La ricerca di soluzioni immediate non è perciò un fenomeno così strano e incomprensibile dal momento che a quello sono stati abituati, dalle famiglie che a fin di bene, li hanno esauditi sempre e dalla tecnologia che permette in un attimo di trovare risposte senza l’ impegno di scavare nella memoria, o rende la condivisione un modo per uscire rapidamente dalla fatica di essere se stessi e di vivere, La tecnologia laddove ha sostituito alcune tra la facoltà mentali più importanti in realtà ne ha cancellato la funzionalità (per chi volesse approfondire appunto, consiglio la puntata di “Presadiretta”, “Iperconnessi” o il bel libro di M.Spitzer “Connessi e isolati“). La tecnologia in fondo abbrevia il senso di solitudine e il terrore dell’abbandono, al costo però di lasciare il soggetto insicuro e sprovvisto di autonomia, dipendente dalla rete, come da una madre chioccia.

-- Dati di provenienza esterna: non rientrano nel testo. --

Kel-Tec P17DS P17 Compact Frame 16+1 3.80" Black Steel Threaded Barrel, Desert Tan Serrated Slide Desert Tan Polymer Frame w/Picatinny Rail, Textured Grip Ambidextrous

Quando vedo i bambini piccoli maneggiare o peggio possedere uno smart phone, gestire quell’oggetto dove noi adulti infiliamo tutta la nostra intimità, avere quel valore in mano ottenuto così velocemente, gratuitamente, penso che ai tempi della mia laurea le possibilità di usare il telefono come opportunità di nuovi sviluppi erano indice di progresso, quello che è avvenuto oggi è invece e solo un disastroso e pericoloso regresso.